## ABOUT THIS TASK
Begin with the line holding "Short Hairstyles - 300" and end with the last line of the records below. Set down exactly those lines and leave out every picture.

## AVAILABLE RECORDS

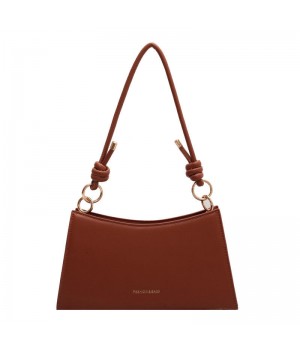 New Fashion Design Women's Shoulder Tote Bags Oem Odm Low Price Custom Lady Pu Bags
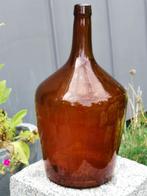 brown lady jeanne -  bouteille de ventre, Utilisé, Moins de 50 cm, Autres couleurs, Enlèvement ou Envoi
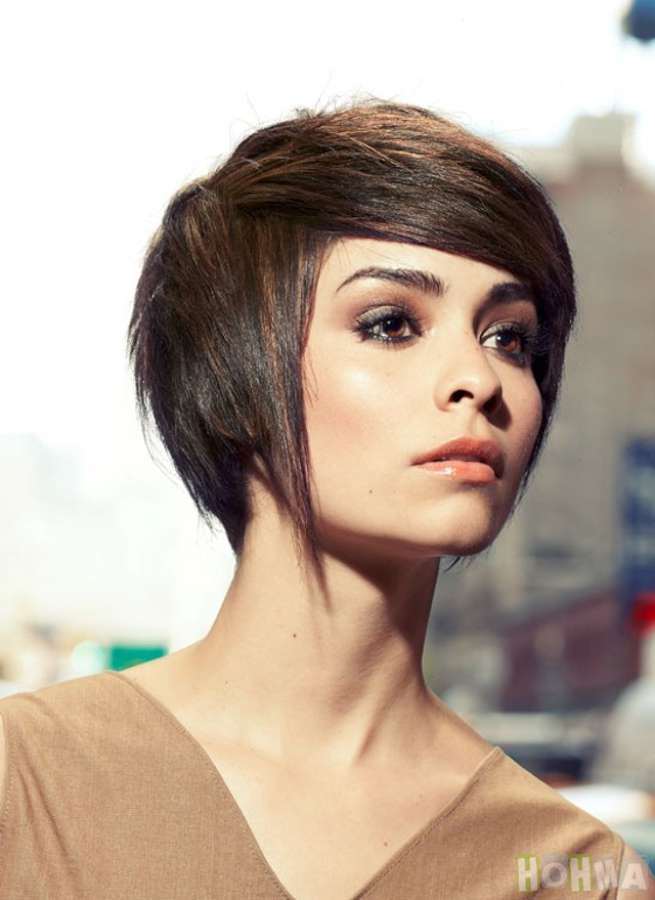 Short Hairstyles - 300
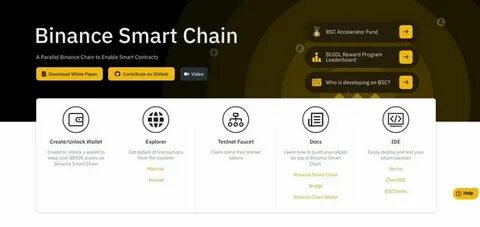 Gas Token Scam: Exploiting Binance Smart Chain’s Refund Feature - BeInCrypto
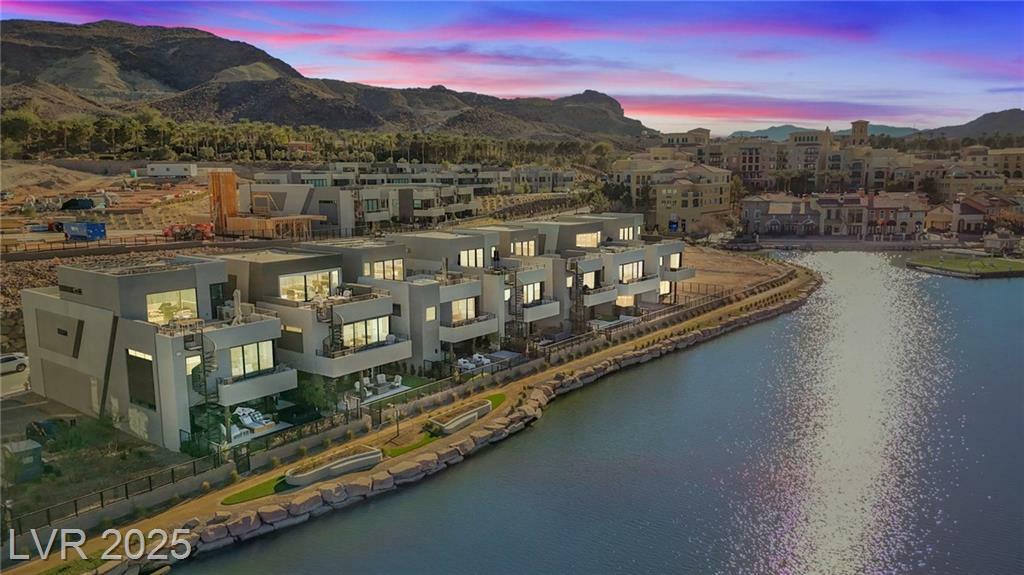 36 Lakefront Drive  Henderson NV 89011 photo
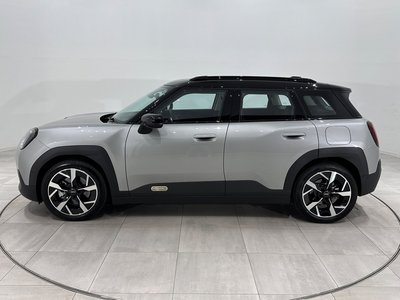 2024 MINI COOPER ACE MAN — миниатюра 23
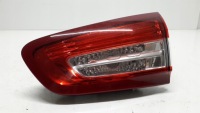 фото thumb №1, Citroen ds5 лампа права задня w кришка 9803167980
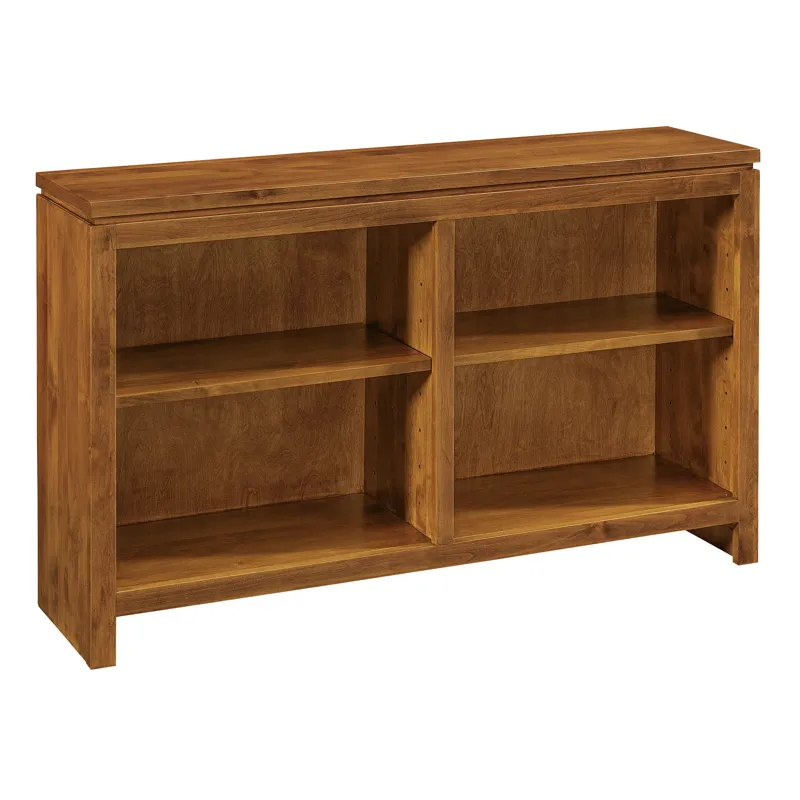 2 West Bookcases 2 West Bookcase 48 x 30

## EXERCISE RESULT
 Short Hairstyles - 300
 Gas Token Scam: Exploiting Binance Smart Chain’s Refund Feature - BeInCrypto
 36 Lakefront Drive  Henderson NV 89011 photo
 2024 MINI COOPER ACE MAN — миниатюра 23
 фото thumb №1, Citroen ds5 лампа права задня w кришка 9803167980
 2 West Bookcases 2 West Bookcase 48 x 30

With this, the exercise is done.